A second class of community science resource is incidental observations of butterflies posted to online platforms such as iNaturalist or eButterfly [31, 32]. These platforms have few restrictions for inclusion and growth in participation has been phenomenal, leading to the highest spatial density of records compared to other monitoring programs, although their recent initiation means that the temporal scope of data is currently limited [33]. iNaturalist.org, for example, has nearly doubled the number of records collected every year since its inception in 2008. By 2014, participation had been slowly growing and, by that year, 1,738 community scientists added 19,598 butterfly observations globally. However, by 2020, 121,470 community scientists across the globe reported 838,080 butterfly observations, a greater than 40-fold increase in observations in just 6 years [34]. Almost all of these reports include a digital photograph voucher, and a sizable proportion have at least two agreed-upon identifications by other members of the iNaturalist community. iNaturalist considers these records as “research-grade” [35].
This recent, explosive growth of incidental data provides significant potential for use in phenological analysis.

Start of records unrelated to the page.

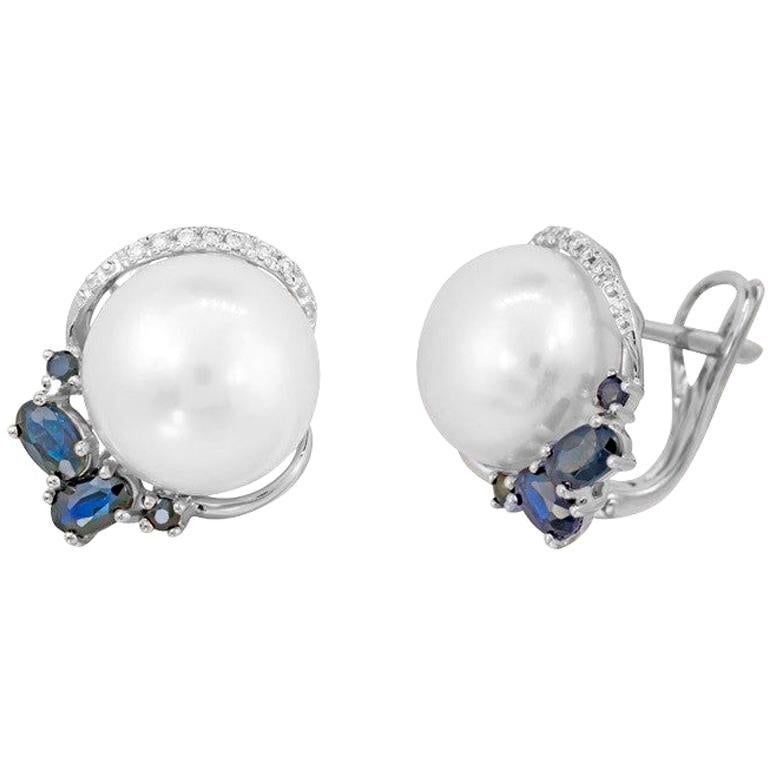 Modern Precious Pearl Diamond Blue Sapphire White Gold Earrings For Sale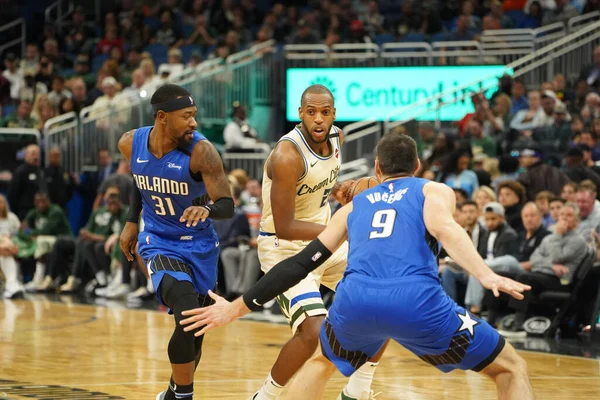 Orlando Magic Hostit Milwaukee Bucks Amway Orlando Florida Sobotu Února — Stock fotografie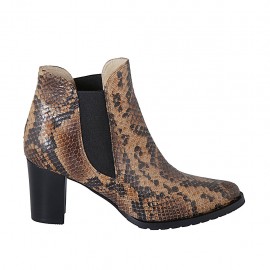 Bottines à bout pointu pour femmes avec elastiques en cuir imprimé brun clair talon 7 - Pointures disponibles:  33, 34, 42, 43, 44
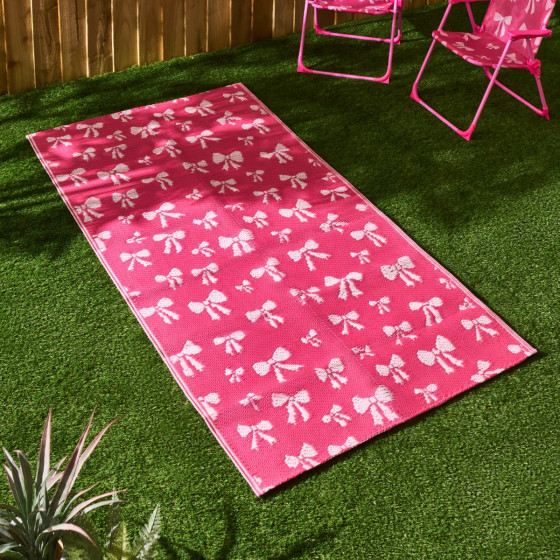 OHS Bow Print Outdoor Rug - Pink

However, accounting for variable effort across time and space for these resources is a substantial challenge [36–38]. Data without repeated site visits and where no information on effort or reports of absences (“presence-only” data) must account for recording bias, often by aggregating records at coarse grains (i.e. 10 km or higher) to achieve sufficient data density, but this also obscures local phenological variability [39]. Despite the challenges, with sufficient data density, deriving insights about phenology from presence-only data holds promise [26, 40]. For example, Karlsson [17] obtained high density of presence-only data from Sweden’s popular community science web portal (https://www.artportalen.se/), and found results consistent with other analyses of European butterflies (e.g., [19, 23, 25]).

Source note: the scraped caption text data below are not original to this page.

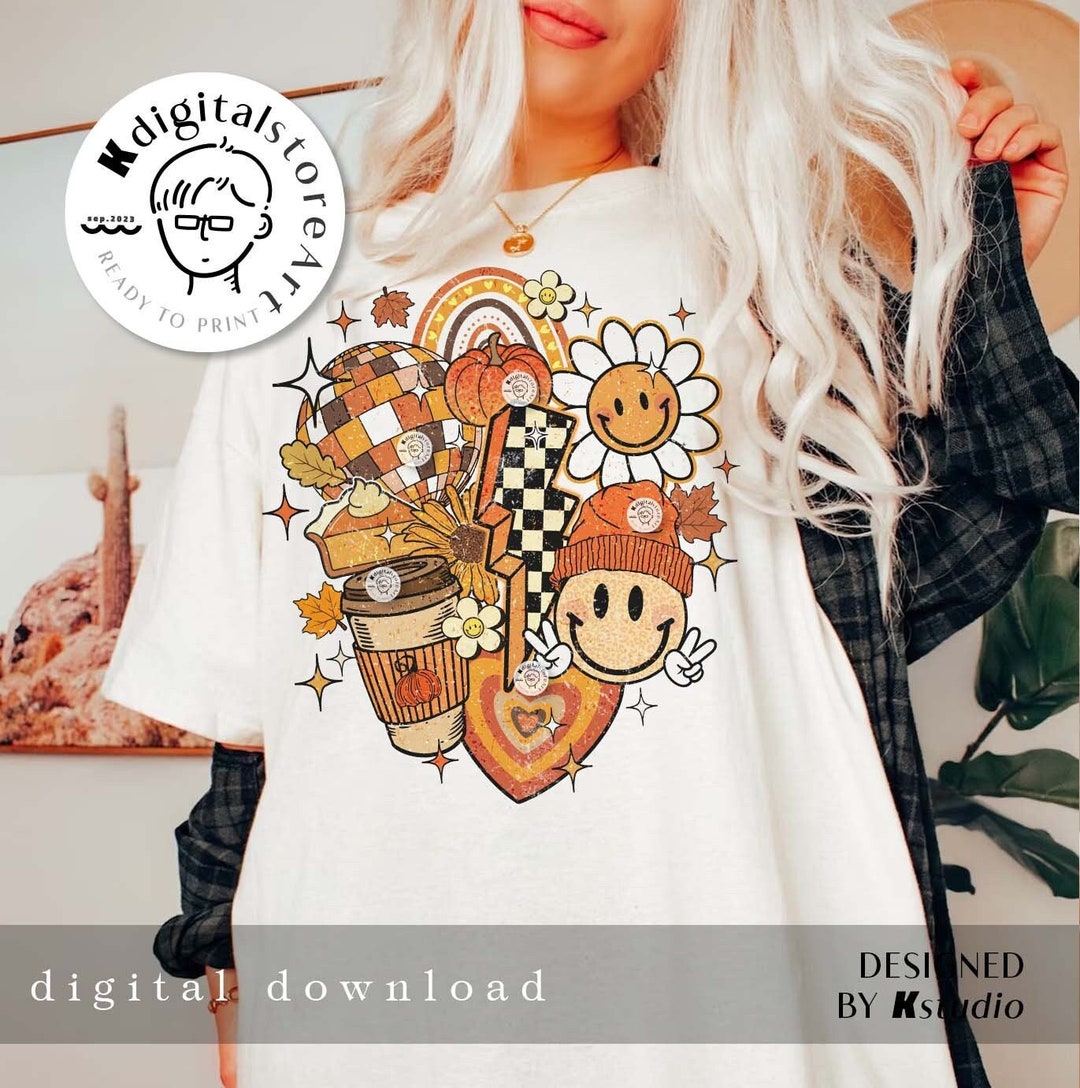 Groovy Smiley Fall Png, Fall Smiley PNG, Funny Fall Shirt Png, Fall ...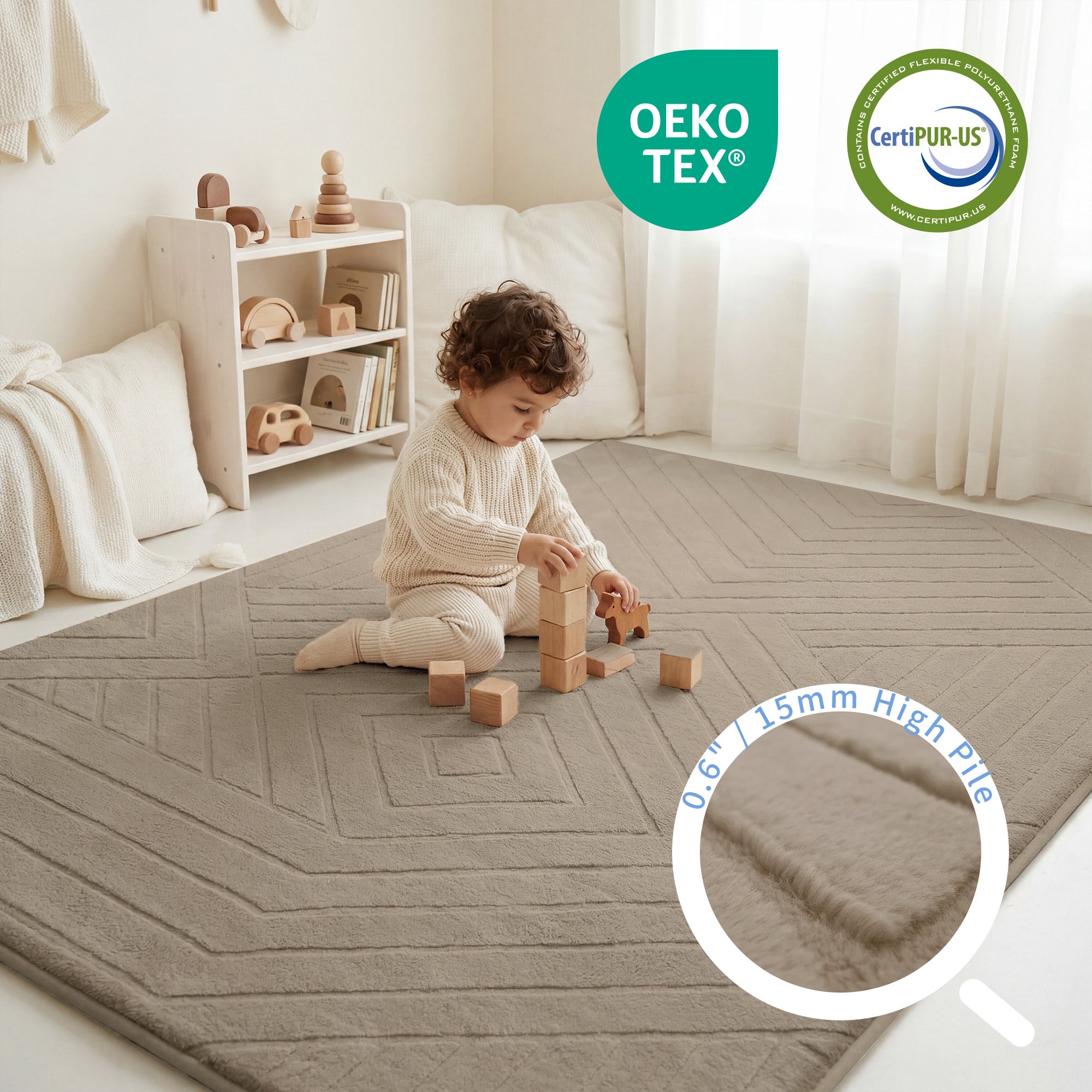Diamond Weave Faux Fur Jacquard Plush Play Mat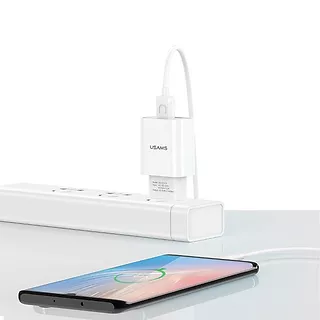 USAMS Ładowarka sieciowa USB kabel USB-C 2,1A T21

Given potential biases in both data collection methods (structured surveys with inconsistent start dates or incidental reports that are presence-only), it is not clear which data set should be considered the “right” one (i.e., the standard to compare other data sets), and so consistency of results between data sets is one benchmark that can be used to compare the validity of findings of multiple sources of data. Another benchmark to consider is whether findings conform to patterns reported elsewhere; results that diverge substantially from typical observations should be carefully rechecked for unaccounted data biases and the selection of appropriate modeling frameworks [38]. We present findings on phenological sensitivity from two sources of butterfly monitoring data. Our specific a priori hypotheses are that flight phenology will advance where and when temperatures are warmer. Additionally, we predict that timing will be earlier and more sensitive for summer species that overwinter at more advanced stages (adult, pupae, larvae, then egg). We also explore the relationship between shifting phenology and other traits that have been found or suggested to potentially be important, including mobility, habitat association, hostplant breadth, and voltinism.